Add Nextflow apps through the command line interface (CLI)

Prerequisites

  • An account on the Seven Bridges Platform.
  • Installed sbpack. For more details on what sbpack can do, how to install it and its main use cases, see About sbpack below.
  • Directory containing the app you want to run and its dependencies locally. The application should preferably be organized according to the Nextflow community best practices.

About sbpack

The primary use of sbpack is to provide an easy way to upload (sbpack) and download (sbpull) apps to/from any Seven Bridges powered platform. Since it is a command-line tool, it can be particularly useful as a part of continuous development and integration pipelines for bioinformatics apps, as it allows seamless automated deployment of new app versions to the Platform. It works with apps described using the following workflow description standards:

  • Common Workflow Language (CWL). Apart from enabling the standard app pull and push flows, also provides advanced functionalities such as resolution of linked processes, schemadefs and $includes and $imports.
  • Nextflow. Adapts, prepares and pushes Nextflow apps for execution in Seven Bridges environments using a special sbpack_nf command.
  • Workflow Description Language (WDL). Uses the sbpack_wdl command to convert and push WDL apps for execution in Seven Bridges environments.

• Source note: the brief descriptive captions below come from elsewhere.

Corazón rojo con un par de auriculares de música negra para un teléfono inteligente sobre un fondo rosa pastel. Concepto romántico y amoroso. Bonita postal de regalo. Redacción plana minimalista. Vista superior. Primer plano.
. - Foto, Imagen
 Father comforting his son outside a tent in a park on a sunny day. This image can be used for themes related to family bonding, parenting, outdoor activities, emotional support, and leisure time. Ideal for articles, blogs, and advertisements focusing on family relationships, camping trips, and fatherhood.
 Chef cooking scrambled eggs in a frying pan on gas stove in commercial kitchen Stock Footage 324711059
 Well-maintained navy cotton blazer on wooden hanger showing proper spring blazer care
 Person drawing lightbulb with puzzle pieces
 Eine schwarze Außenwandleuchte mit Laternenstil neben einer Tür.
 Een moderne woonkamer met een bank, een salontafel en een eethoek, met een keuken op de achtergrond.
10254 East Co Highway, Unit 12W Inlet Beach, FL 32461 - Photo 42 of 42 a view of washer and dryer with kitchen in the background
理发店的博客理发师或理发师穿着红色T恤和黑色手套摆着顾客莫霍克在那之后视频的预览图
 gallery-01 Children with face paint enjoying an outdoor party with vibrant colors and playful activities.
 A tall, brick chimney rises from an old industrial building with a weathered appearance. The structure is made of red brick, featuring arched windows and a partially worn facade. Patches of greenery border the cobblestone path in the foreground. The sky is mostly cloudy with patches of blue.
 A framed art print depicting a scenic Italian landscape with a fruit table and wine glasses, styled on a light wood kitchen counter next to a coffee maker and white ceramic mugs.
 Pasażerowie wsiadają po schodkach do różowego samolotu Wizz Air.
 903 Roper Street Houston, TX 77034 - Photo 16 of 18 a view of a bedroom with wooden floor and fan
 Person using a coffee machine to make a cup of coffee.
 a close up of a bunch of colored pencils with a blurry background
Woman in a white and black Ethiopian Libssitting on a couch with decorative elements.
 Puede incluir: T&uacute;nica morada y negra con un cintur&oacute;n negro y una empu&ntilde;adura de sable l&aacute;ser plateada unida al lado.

To install sbpack, use the standard install method through pip:

pip install sbpack

Procedure

The procedure of publishing Nextflow apps for use on the Platform is a process that consists of the following two stages:

  • Initial app conversion. In this step, your Nextflow app will be converted to a format that is executable on the Platform. By default, all of the files published using the publishDir Nextflow directive will end up in the task outputs. For best results in the initial app conversion, if is recommended that the app contains a parameter schema file (nextflow_schema.json). This file describes the input parameters that the application and the platform relies on the information provided within to generate the app UI.
  • Optimizing the converted app for execution in Seven Bridges environments. The app that has been initially converted now contains an additional configuration file (sb_nextflow_schema.json or sb_nextflow_schema.yaml) that can be used to define Platform-specific options and fully optimize it for use in the Seven Bridges execution environment. Once the optimized configuration is prepared, the app configuration can be pushed to the Platform again.

Initial app conversion

This step adapts the Nextflow app for execution on the Seven Bridges Platform. It is performed by executing the sbpack_nf command in the following format:

sbpack_nf --profile PROFILE --appid APPID --workflow-path WORKFLOW_PATH --entrypoint file_name.nf

In the command above, replace the placeholders as follows:

  • PROFILE is the Seven Bridges Platform profile containing the Platform API endpoint and authentication token, as set in the Seven Bridges credentials file.
  • APPID specifies the identifier of the app on the Platform, in the {user or division}/{project}/{app_name} format. If you are using Enterprise, the {user or division} part is name of your Division on the Platform; otherwise, specify your Platform username. The {project} part is the project to which you want to push the app and {app_id} is the ID you want to assign to the app. For example the full app ID can be my-division/my-new-project/my-nextflow-app. If the specified app ID does not exist, it will be created. If it exists, a new revision (version) of the app will be created.
  • WORKFLOW_PATH needs to be replaced with the path where the Nextflow app files are located on your local machine.
  • file_name.nf should be replaced with the name of the actual .nf file containing your app's Nextflow code.
    Here is a sample of the command:
sbpack_nf --profile sbpla --appid sevenbridges-division/nextflow-project/test-app --workflow-path /Users/rfranklin/apps/nextflow/demo --entrypoint app.nf

Once executed successfully, this command will convert the Nextflow app for use on the Platform and push it to the Platform project specified as the value of the --appid argument. During this process, a sb_nextflow_schema.yaml or sb_nextflow_schema.json file (if --json flag was used) will be created in the local directory specified as the value of --workflow-path. Additionally, if the app did not have an associated nextflow_schema.json file, this will will also be created. The sb_nextflow_schema.* file contains configuration parameters that can be adjusted and optimized for execution on the Platform. These files are not used during pipeline execution on the platform. Their purpose is to communicate to the platform how input and output nodes should be organized, as well as the preferred execution options, like the version of the Nextflow executor.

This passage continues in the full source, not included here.